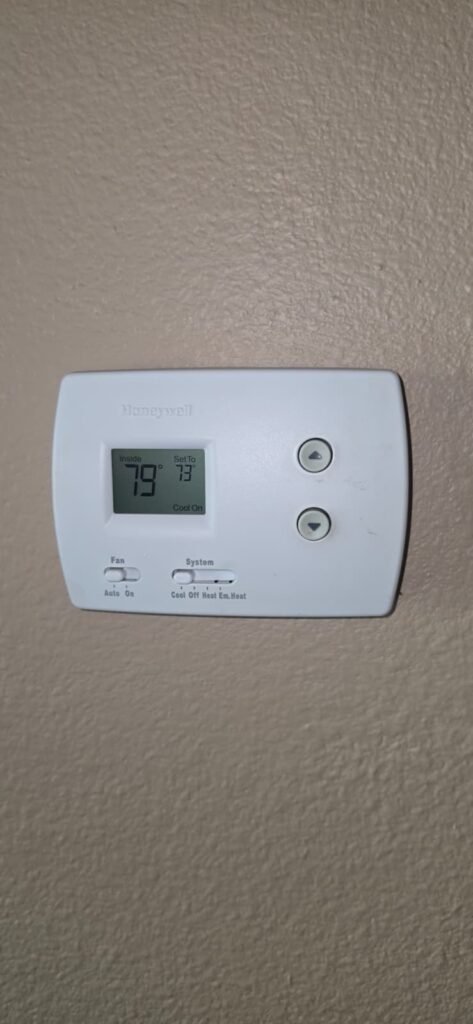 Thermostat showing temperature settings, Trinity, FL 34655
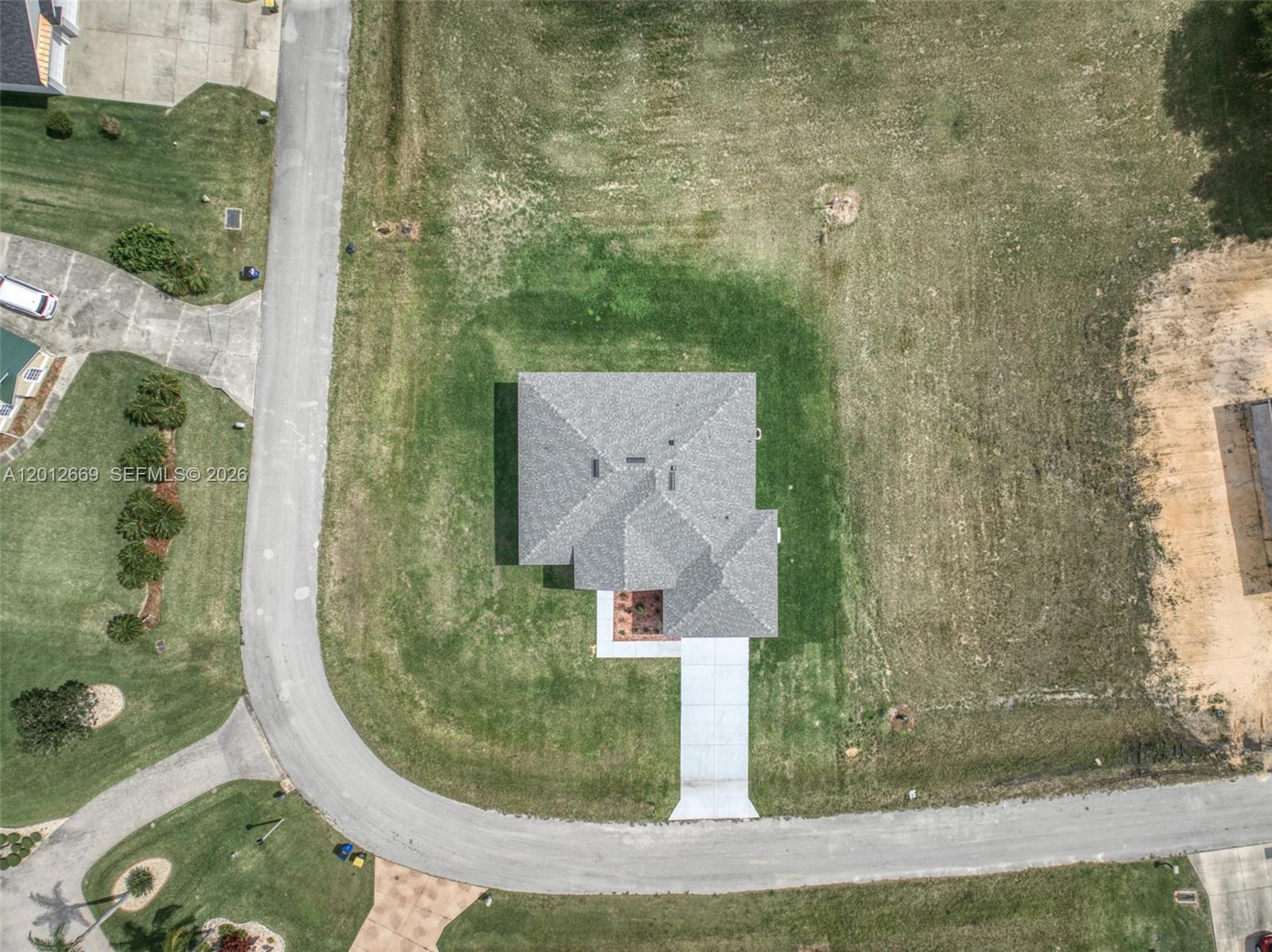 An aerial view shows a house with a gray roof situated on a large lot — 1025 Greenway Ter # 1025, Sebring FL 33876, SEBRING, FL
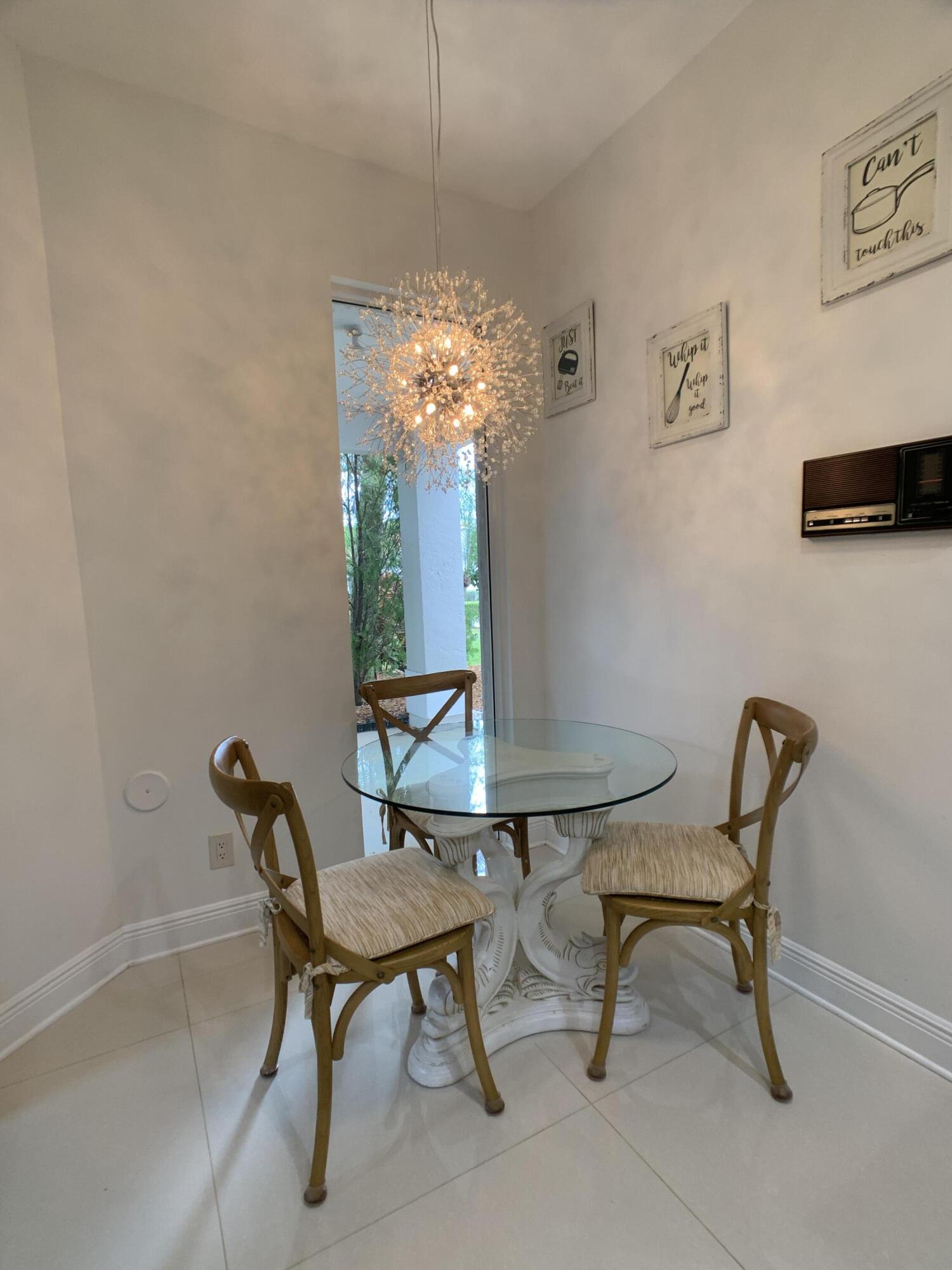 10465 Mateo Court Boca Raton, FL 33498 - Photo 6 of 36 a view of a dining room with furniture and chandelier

──────────────────────────────

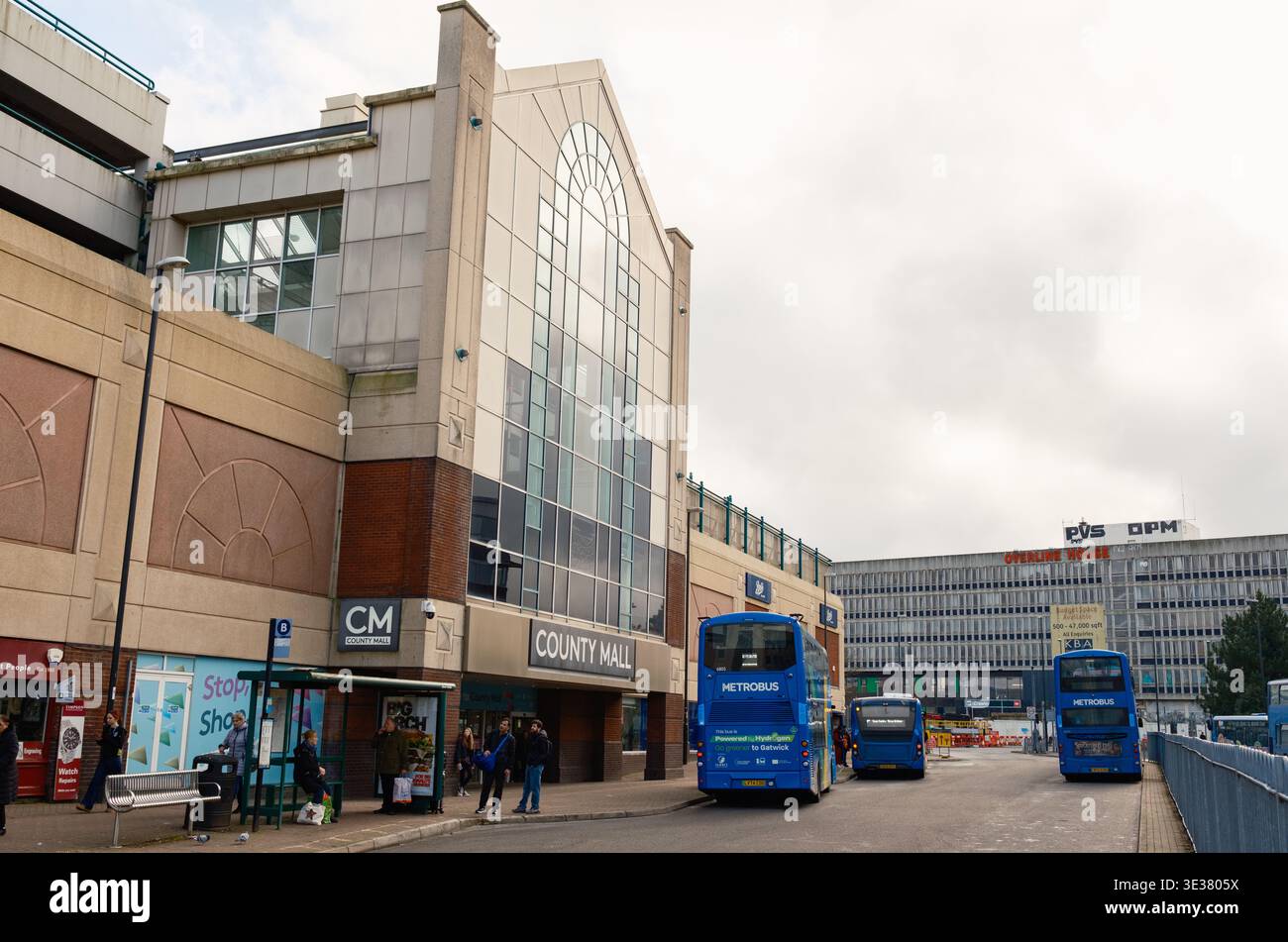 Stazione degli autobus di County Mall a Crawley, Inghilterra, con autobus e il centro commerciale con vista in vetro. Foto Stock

──────────────────────────────

TASK TO COMPLETE:
Above, find the line with "An aerial view"; copy it and every line down to the line with "10465 Mateo Court", exactly and both included, but no pictures.

TASK OUTPUT:
 An aerial view shows a house with a gray roof situated on a large lot — 1025 Greenway Ter # 1025, Sebring FL 33876, SEBRING, FL
 10465 Mateo Court Boca Raton, FL 33498 - Photo 6 of 36 a view of a dining room with furniture and chandelier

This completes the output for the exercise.